[Opening Available data section]

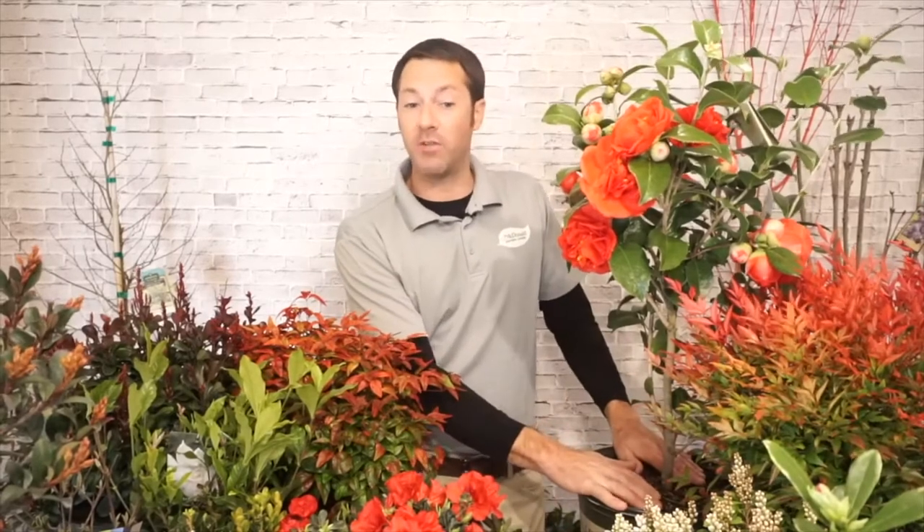Spring blooming camellias are what you're going to see right now, and all of our camellias are 40% off — it's a great deal. The fall bloomers are not blooming as much, but they're good plants. A key difference: spring blooming camellias really do best in a little bit of shade. I've seen some growing in full sun, but I really feel like they prefer shade — their natural habitat is underneath pine trees.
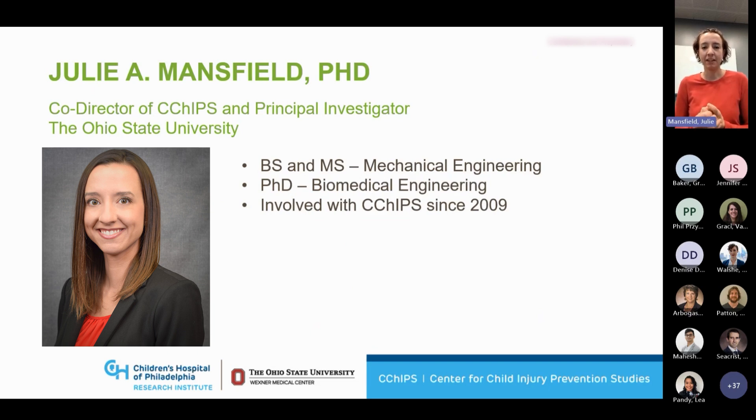My name is Julie Mansfield. I co-direct the CCHIP Center here at OSU, and I also serve as a principal investigator on the projects. My background is in mechanical and biomedical engineering, and I've been involved with CCHIP since 2009.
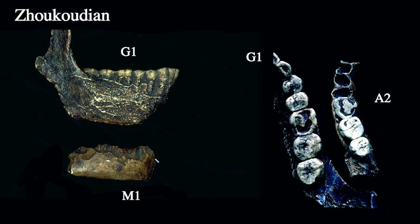Here you can see the G1 and M1 mandibles viewed laterally. G1 is considerably taller in terms of overall corpus height than the M1 specimen. Looking at the dentition, comparing G1 and A2 specimens, you can also see considerable difference in overall tooth size — just compare the length of the molar tooth row: M1, M2, M3 between the G1 specimen, which is quite large, and the A2 specimen, which is quite small. There's a lot of variability in the dimensions and shape of these mandibles and the teeth they preserve.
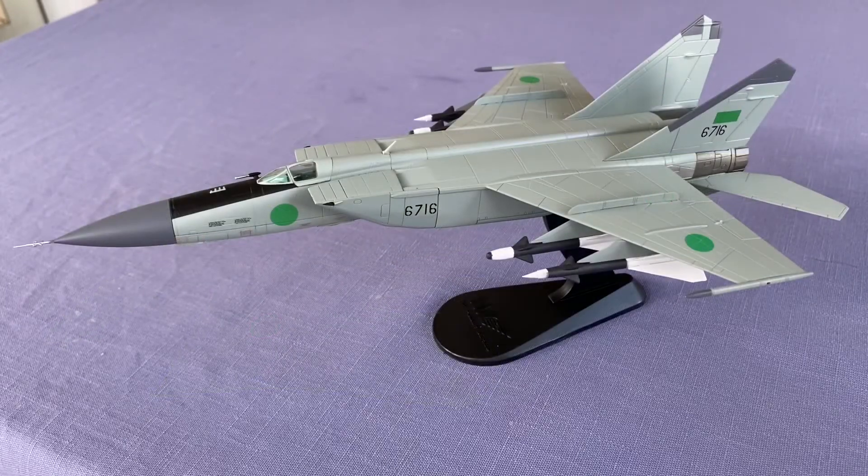Today, we looked at the 1/72 Mikoyan-Gurevich MiG-25PD Fox Bat, 1025th aerial squadron, Libyan Arab Republic Air Force, from Hobbymaster. My airplane videos are available every Saturday. Hope to see you again soon. Please subscribe.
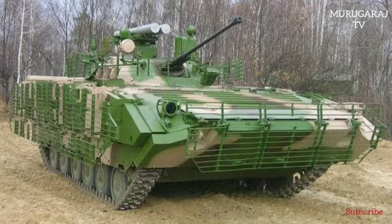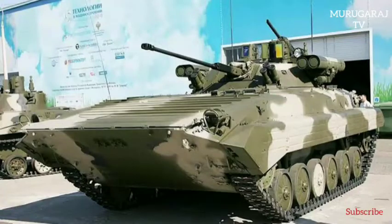The BMP-2M Infantry Fighting Vehicle is an upgraded version of the BMP-2 IFV equipped with a Borezhok turret armed with a 30mm 2A-42 automatic gun, a 7.62mm PKT coaxial machine gun, a 30mm AG-17 automatic grenade launcher, and four launchers of 9M-133 Kornet series anti-tank guided missiles.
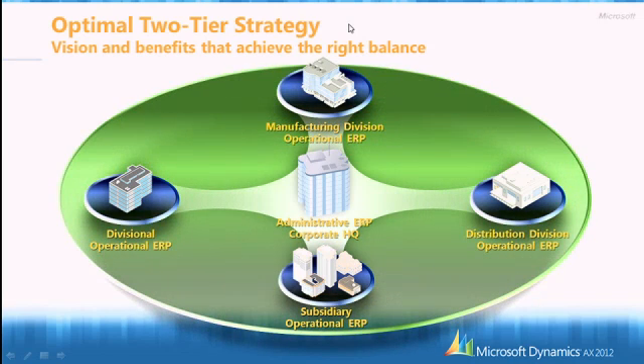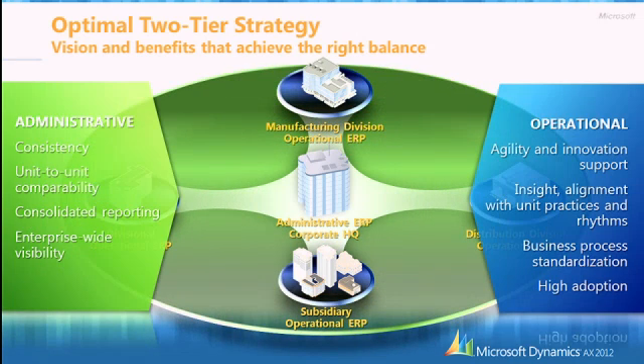The optimal two-tier strategy combines your administrative ERP — keeping what you have for financial consistency, reporting, unit-to-unit comparability, and consolidation — with an operational solution like Microsoft Dynamics AX for its agility and business insight. This covers how you're doing with customers, vendors, production, distribution, or retail, with different capabilities depending on location. With Dynamics AX, you get business process standardization: create a core model and deploy it across the board, with different core models based on the type of entity you're serving.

[Closing Available data section]

### Exercise brief:
Reprint every record exactly and skip the pictures.

### Answer to this problem:
Spring blooming camellias are what you're going to see right now, and all of our camellias are 40% off — it's a great deal. The fall bloomers are not blooming as much, but they're good plants. A key difference: spring blooming camellias really do best in a little bit of shade. I've seen some growing in full sun, but I really feel like they prefer shade — their natural habitat is underneath pine trees.
My name is Julie Mansfield. I co-direct the CCHIP Center here at OSU, and I also serve as a principal investigator on the projects. My background is in mechanical and biomedical engineering, and I've been involved with CCHIP since 2009.
Here you can see the G1 and M1 mandibles viewed laterally. G1 is considerably taller in terms of overall corpus height than the M1 specimen. Looking at the dentition, comparing G1 and A2 specimens, you can also see considerable difference in overall tooth size — just compare the length of the molar tooth row: M1, M2, M3 between the G1 specimen, which is quite large, and the A2 specimen, which is quite small. There's a lot of variability in the dimensions and shape of these mandibles and the teeth they preserve.
Today, we looked at the 1/72 Mikoyan-Gurevich MiG-25PD Fox Bat, 1025th aerial squadron, Libyan Arab Republic Air Force, from Hobbymaster. My airplane videos are available every Saturday. Hope to see you again soon. Please subscribe.
The BMP-2M Infantry Fighting Vehicle is an upgraded version of the BMP-2 IFV equipped with a Borezhok turret armed with a 30mm 2A-42 automatic gun, a 7.62mm PKT coaxial machine gun, a 30mm AG-17 automatic grenade launcher, and four launchers of 9M-133 Kornet series anti-tank guided missiles.
The optimal two-tier strategy combines your administrative ERP — keeping what you have for financial consistency, reporting, unit-to-unit comparability, and consolidation — with an operational solution like Microsoft Dynamics AX for its agility and business insight. This covers how you're doing with customers, vendors, production, distribution, or retail, with different capabilities depending on location. With Dynamics AX, you get business process standardization: create a core model and deploy it across the board, with different core models based on the type of entity you're serving.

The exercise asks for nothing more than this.